▶ WHAT IS EXPECTED
Set down every entry exactly as it stands, omitting any picture.

▶ RECORDS FOR THE TASK
━━━━━━━━━━
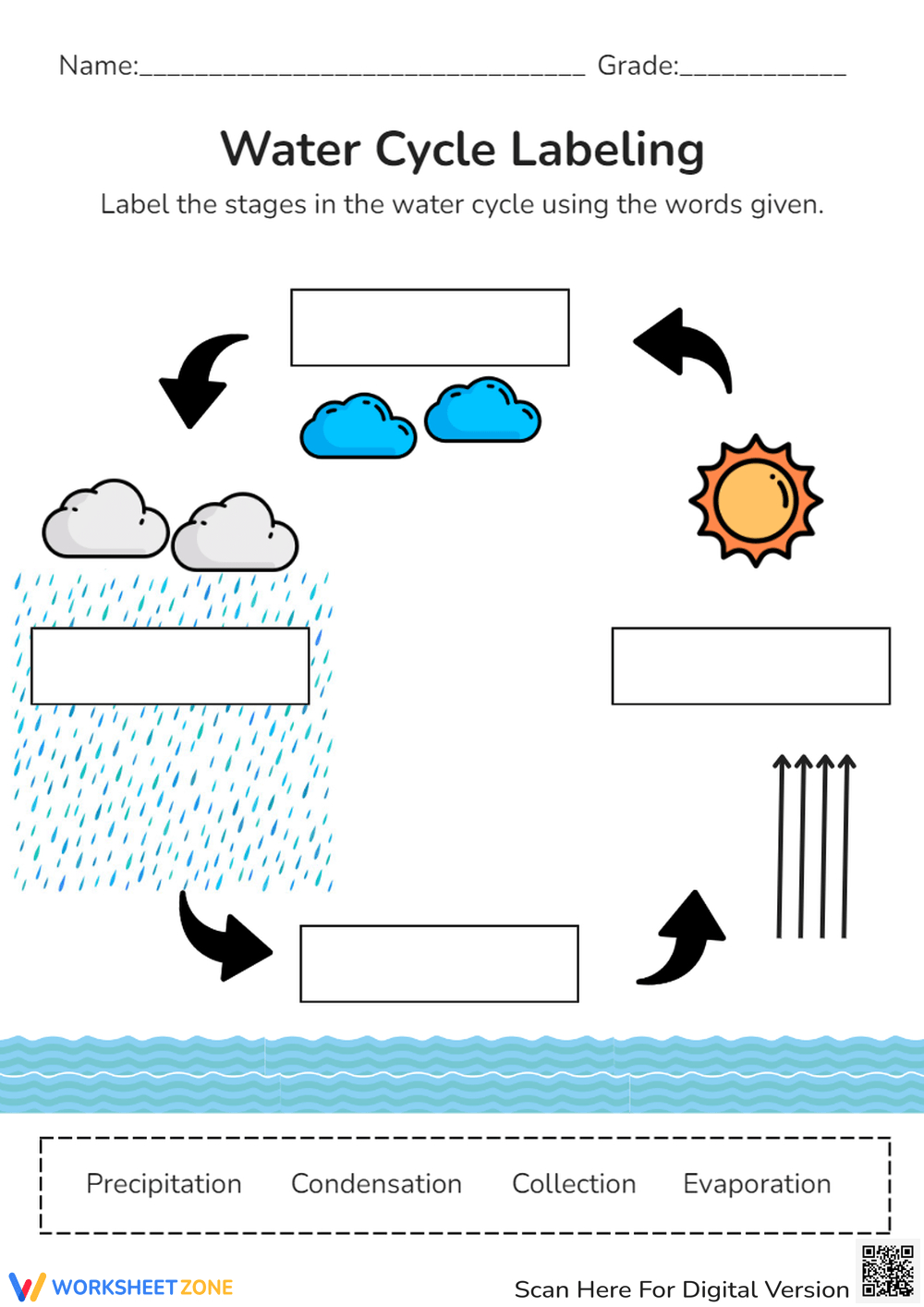 Printable Grade 4 Water Cycle Worksheets Download | Water Cycle Diagram Printable Worksheet
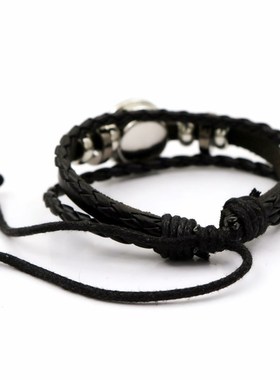 夜光日月恋人按扣皮革手链男女通用复古手工多层串珠编织手链手饰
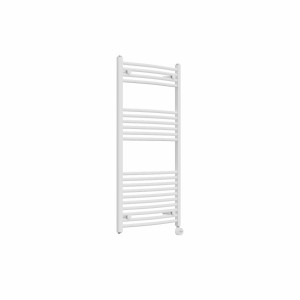 Fjord 1200 x 600mm Curved White Thermostatic Touch Control Electric Heated Towel Rail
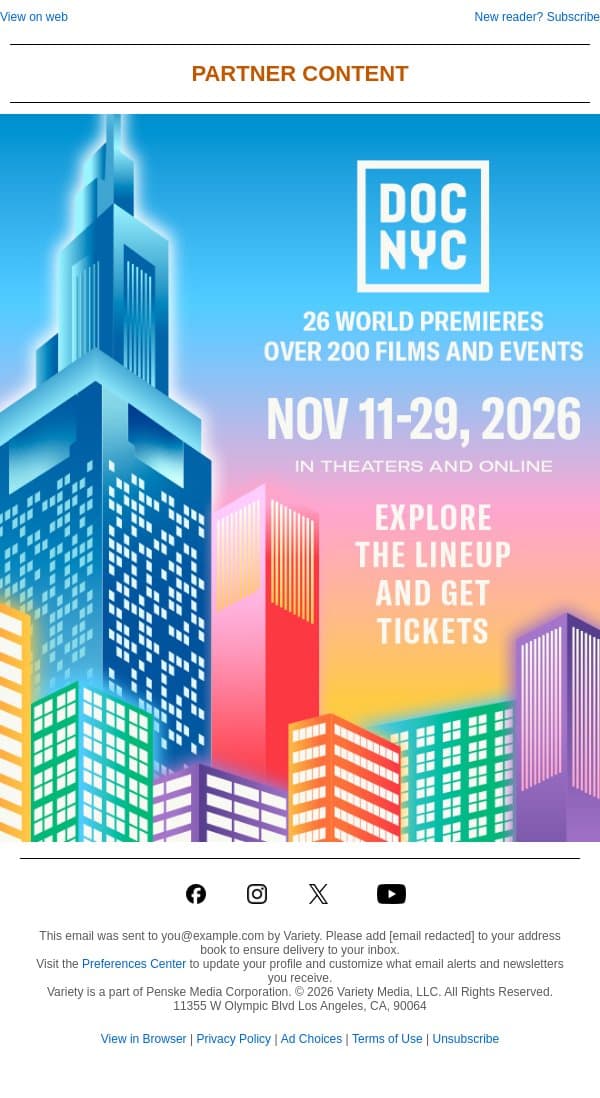 DOC NYC, the festival for documentaries, starts November 11 with over 200 films and events and 26 World Premieres! email from Variety screenshot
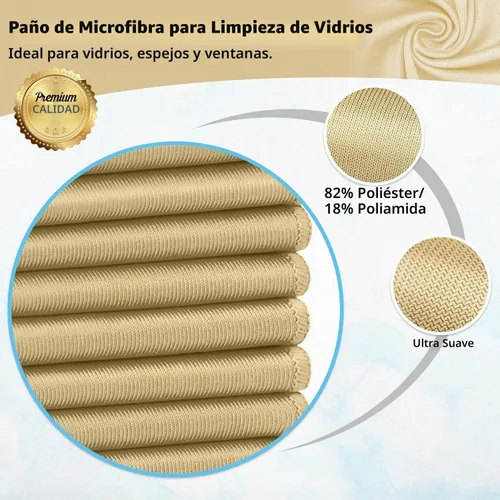 Vista 2 de Paño de limpieza de microfibra – Paquete de 6 paños de limpieza de lentes, trapos de limpieza de ventanas de 16 x 14 pulgadas, paños de pulido sin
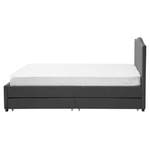 Bett mit Schubladen Stoff MONTPELLIER 160 x 200 cm LED Dunkelgrau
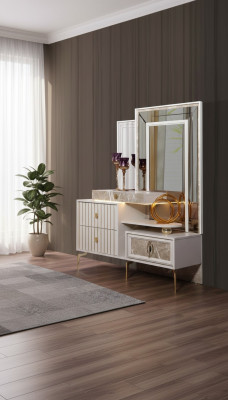 Mesa de maquillaje blanca para dormitorio, diseño de consola de madera con espejo, nuevo.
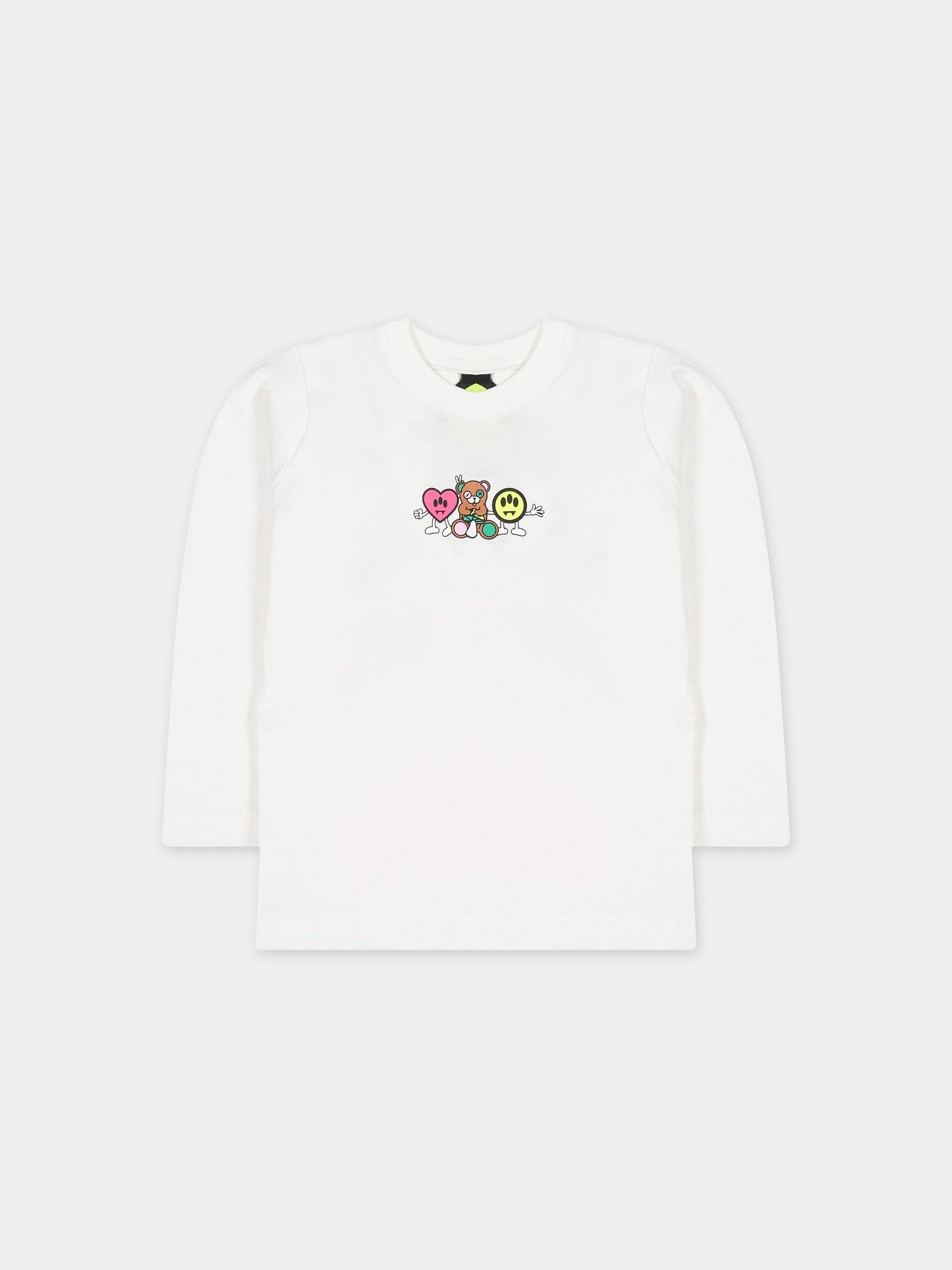 T-shirt bianca per neonata con orso e smile,Barrow,F3BKNGTH118 002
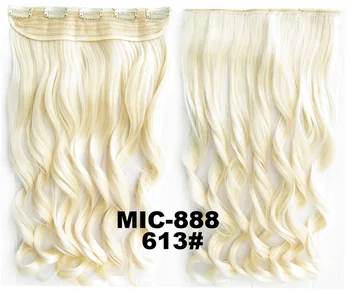 5pcs/veliko Kodraste posnetek na sintetičnih las Rezina hairpiece 5 posnetkov toplote dokaz lase razširitve 24inches,100grams MIC-888
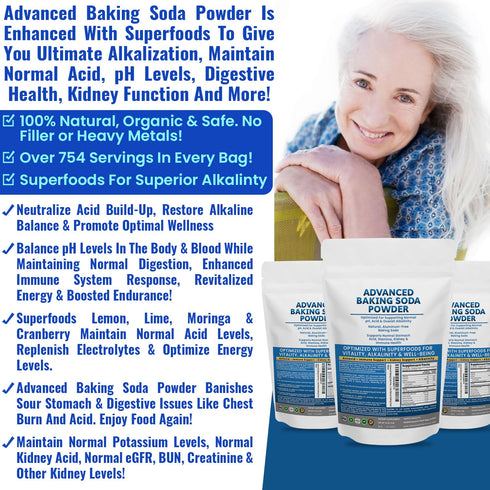 Immune, Advanced Baking Soda Powder: Organic Use Aluminum Free Baking Soda w/Superfoods to Support Kidneys, Stomach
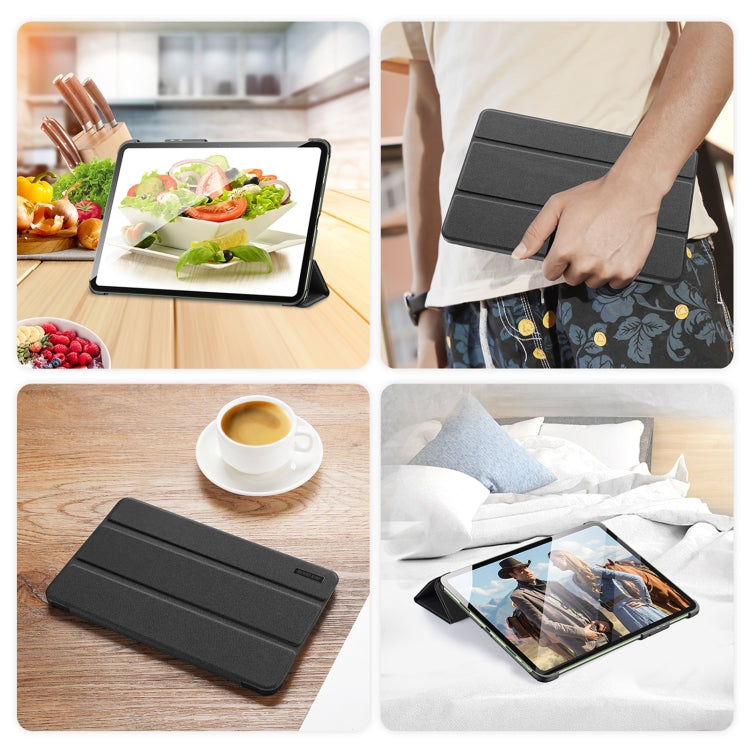 For OnePlus Pad Go/OPPO Pad Air2 DUX DUCIS Domo Series Magnetic Flip Leather Tablet Case(Black) - Others by DUX DUCIS | Online Shopping South Africa | PMC Jewellery | Buy Now Pay Later Mobicred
━━━━━━━━━━
▶ TASK ANSWER
 Printable Grade 4 Water Cycle Worksheets Download | Water Cycle Diagram Printable Worksheet
 夜光日月恋人按扣皮革手链男女通用复古手工多层串珠编织手链手饰
 Fjord 1200 x 600mm Curved White Thermostatic Touch Control Electric Heated Towel Rail
 DOC NYC, the festival for documentaries, starts November 11 with over 200 films and events and 26 World Premieres! email from Variety screenshot
 Vista 2 de Paño de limpieza de microfibra – Paquete de 6 paños de limpieza de lentes, trapos de limpieza de ventanas de 16 x 14 pulgadas, paños de pulido sin
 Bett mit Schubladen Stoff MONTPELLIER 160 x 200 cm LED Dunkelgrau
 Mesa de maquillaje blanca para dormitorio, diseño de consola de madera con espejo, nuevo.
 T-shirt bianca per neonata con orso e smile,Barrow,F3BKNGTH118 002
 5pcs/veliko Kodraste posnetek na sintetičnih las Rezina hairpiece 5 posnetkov toplote dokaz lase razširitve 24inches,100grams MIC-888
 Immune, Advanced Baking Soda Powder: Organic Use Aluminum Free Baking Soda w/Superfoods to Support Kidneys, Stomach
 For OnePlus Pad Go/OPPO Pad Air2 DUX DUCIS Domo Series Magnetic Flip Leather Tablet Case(Black) - Others by DUX DUCIS | Online Shopping South Africa | PMC Jewellery | Buy Now Pay Later Mobicred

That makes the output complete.